Si l’agriculture traditionnelle était aussi éminemment satisfaisante, on peut se demander pourquoi elle a été systématiquement abandonnée, remplacée par les méthodes non viables de l’agriculture moderne. La raison est qu’elle n’est pas adaptée à la société de consommation atomisée et dominée par les grandes entreprises dont le développement économique a accouché. Son existence est incompatible avec l’objectif dominant de cette société, à savoir la maximisation de l’activité économique et donc de la croissance. La Banque mondiale, qui a participé au financement de ce processus en Papouasie-Nouvelle-Guinée, ne cache pas ses intentions :
« Sur la plus grande partie du pays, la nature produit généreusement de quoi se nourrir au moindre effort, mais tant que de nouveaux besoins n’auront pas modifié le mode de vie d’un nombre suffisant de paysans qui pratiquent l’agriculture vivrière, il sera difficile de faire adopter de nouvelles cultures[12]. »
Ces cultures nouvelles sont grandes consommatrices d’engrais, de pesticides et d’eau d’irrigation, mais leur implantation est vitale pour la puissante industrie agrochimique et les constructeurs de barrages. Ces cultures sont spécifiquement destinées à l’exportation vers le monde industrialisé, afin que les pays producteurs puissent gagner suffisamment de devises pour financer l’acquisition de quantités toujours croissantes de nos produits manufacturés et rembourser les intérêts des prêts contractés pour financer le passage à une agriculture modernisée.

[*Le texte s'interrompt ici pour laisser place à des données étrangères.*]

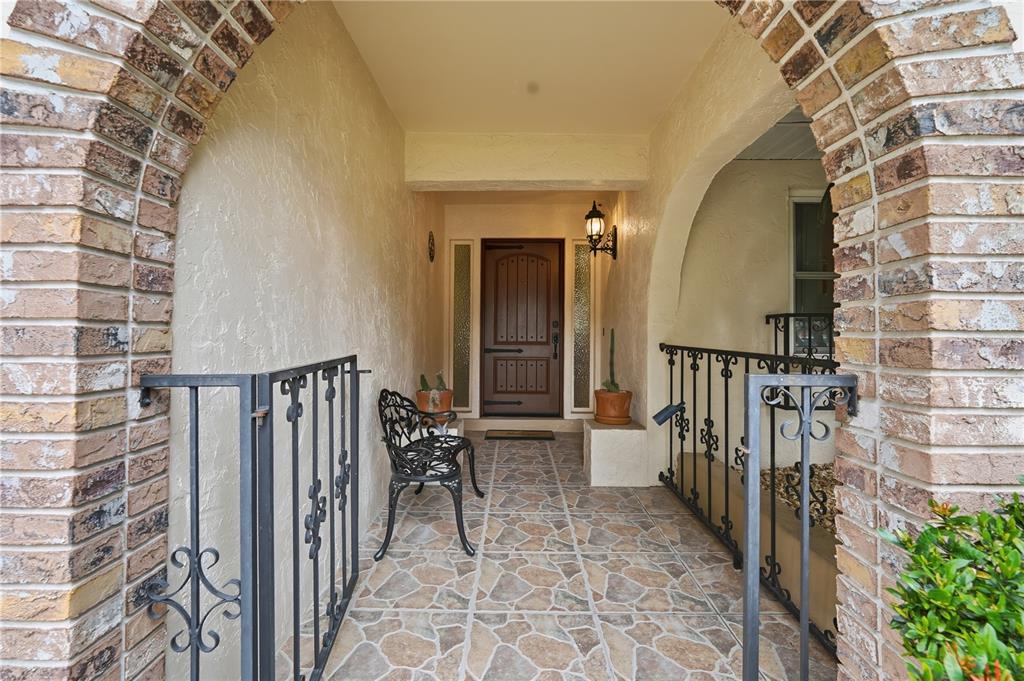 2370 Robyn Court Dunedin, FL 34698 - Photo 3 of 29 a view of entryway with wooden floor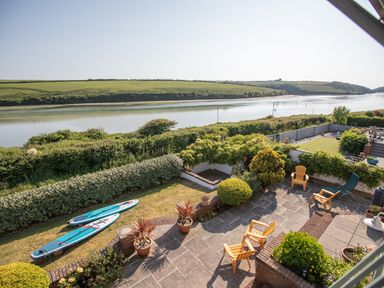 A patio with chairs and plants overlooking a river with grassy hills in the background at Newquay Tamarisk Lodge on the Gannel in Newquay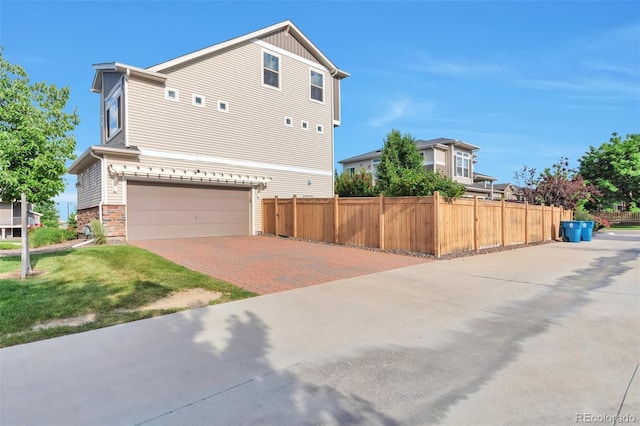 18096 E 104th Way, Commerce City, CO 80022 - view of side of home featuring decorative driveway, stone siding, and an attached garage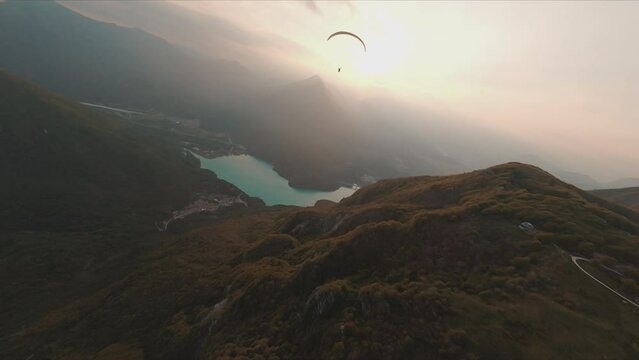 silhouette of a paraglider over the mountains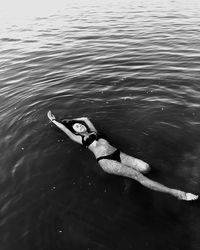 High angle view of young woman swimming in sea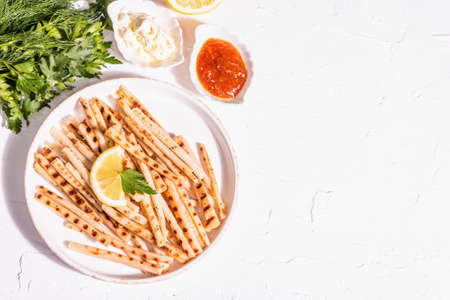Grilled scorzonera with sauces set. Modern hard light, dark shadow. Ceramic stand, spices, fashion napkin. White plaster background, top viewの写真素材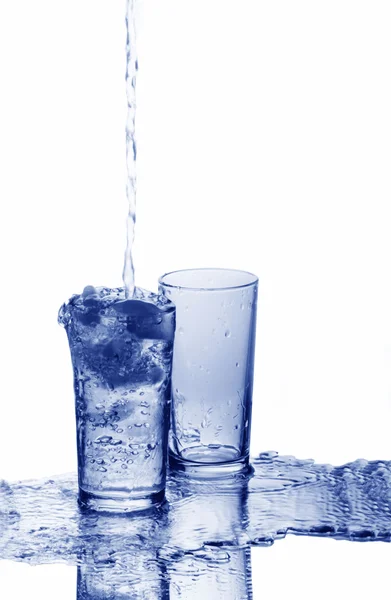 A glass is overfilled with water and an empty glass — Stock Photo, Image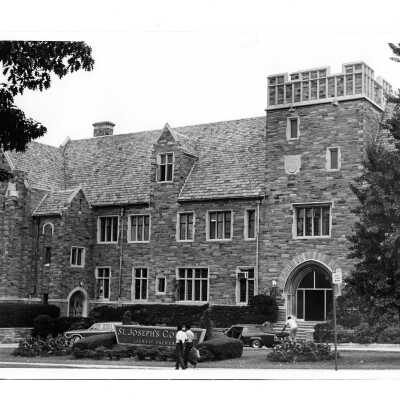 Exterior view of front of Barbelin building from City Avenue with two cars in driveway and four individuals unpacking.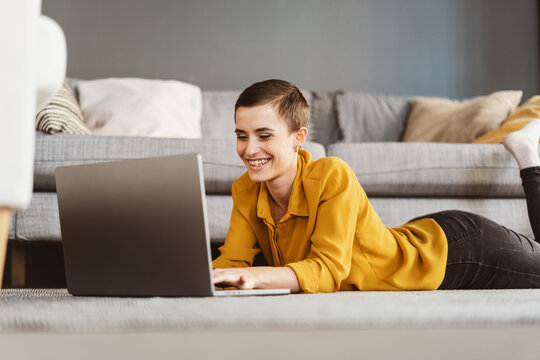 Young Modern Woman with Short Hair Laughing at Laptop on Apartment Floor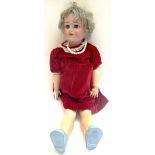A Simon and Halbig bisque head doll, early 20th century, with sleep eyes, open mouth,
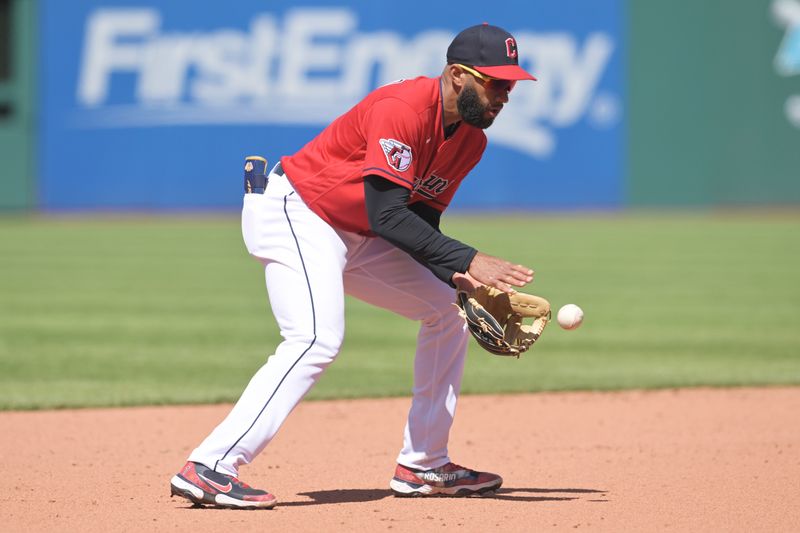 Apr 26, 2023; Cleveland, Ohio, USA; Cleveland Guardians shortstop Amed Rosario (1) fields a ground ball hit by Colorado Rockies right fielder Kris Bryant (not pictured) during the eighth inning at Progressive Field. Mandatory Credit: Ken Blaze-USA TODAY Sports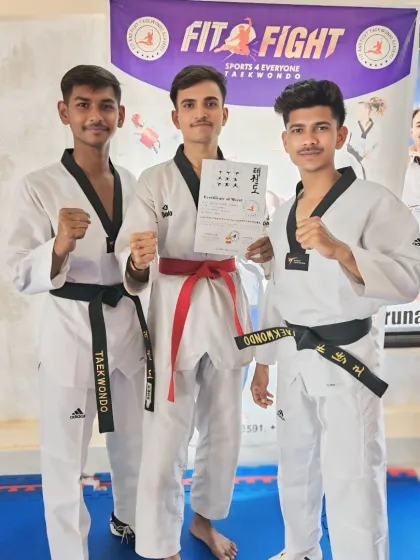 Three of our senior students proudly display their new belts and certificates after a successful promotion exam. Their progress shows the path for our junior members.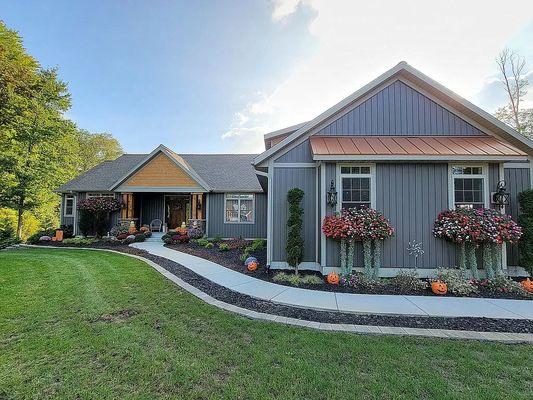 Beautiful exterior with impeccable landscaping to enhance the curb appeal of the home.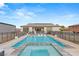 Inviting rectangular pool with spa and safety fence at 1121 Du Fort Hills Ct, Henderson, NV 89002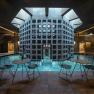 Interior view of a modern spa with pool, tables and chairs.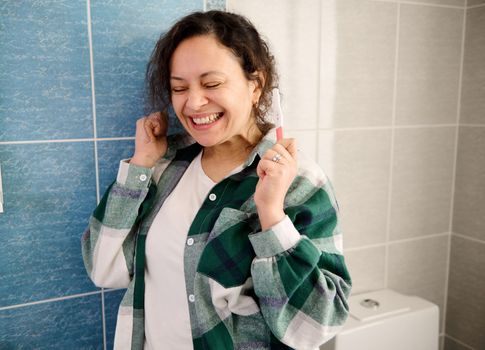 Middle-aged pretty woman rejoicing at positive pregnancy test, standing on the light interior of home bathroom. Pregnancy, people, lifestyle concept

Même l’inique rapport Berg de la Banque mondiale reconnaît que les petits exploitants « sont des gestionnaires exceptionnels de leurs ressources — terre et capital, fertilisants et eau[13] ». Mais la prédominance de ce mode de culture, « l’agriculture de subsistance », « constitue un obstacle au développement agricole. Les paysans doivent être amenés à produire pour le marché, à adopter de nouvelles cultures et à prendre de nouveaux risques ». Le développement économique mène rapidement les petits paysans à la faillite, ainsi que les artisans, et les remplace par des entreprises de plus en plus grandes et puissantes. Au fur et à mesure que ce processus avance, la technologie est désenchâssée du contexte social et écologique et échappe de plus en plus à tout contrôle.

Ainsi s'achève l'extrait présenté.